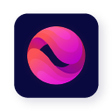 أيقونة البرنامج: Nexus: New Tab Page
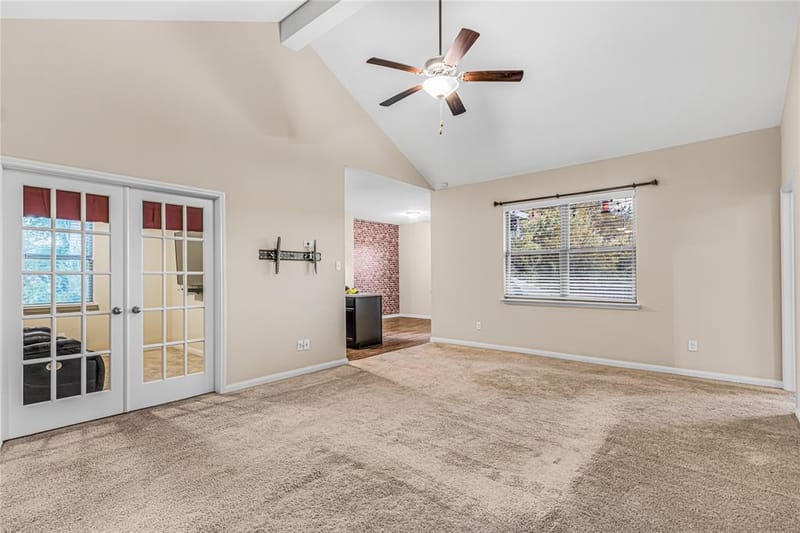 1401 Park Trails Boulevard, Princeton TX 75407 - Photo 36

★ ★ ★

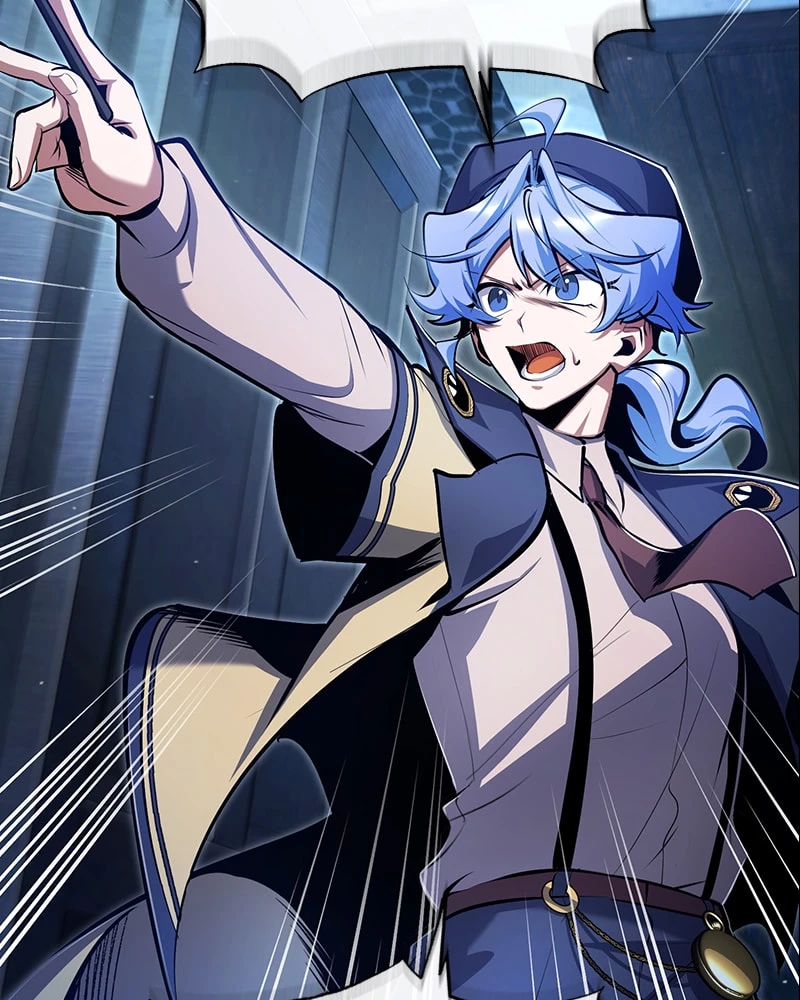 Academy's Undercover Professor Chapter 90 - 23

★ ★ ★

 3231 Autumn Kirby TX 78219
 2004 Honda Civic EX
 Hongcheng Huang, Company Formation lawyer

★ ★ ★

Quote word for word only the lines above from the one containing "أيقونة البرنامج: Nexus: New Tab Page" through the one containing "1401 Park Trails". Pictures stay out of your copy.

Result of this task -
 أيقونة البرنامج: Nexus: New Tab Page
 1401 Park Trails Boulevard, Princeton TX 75407 - Photo 36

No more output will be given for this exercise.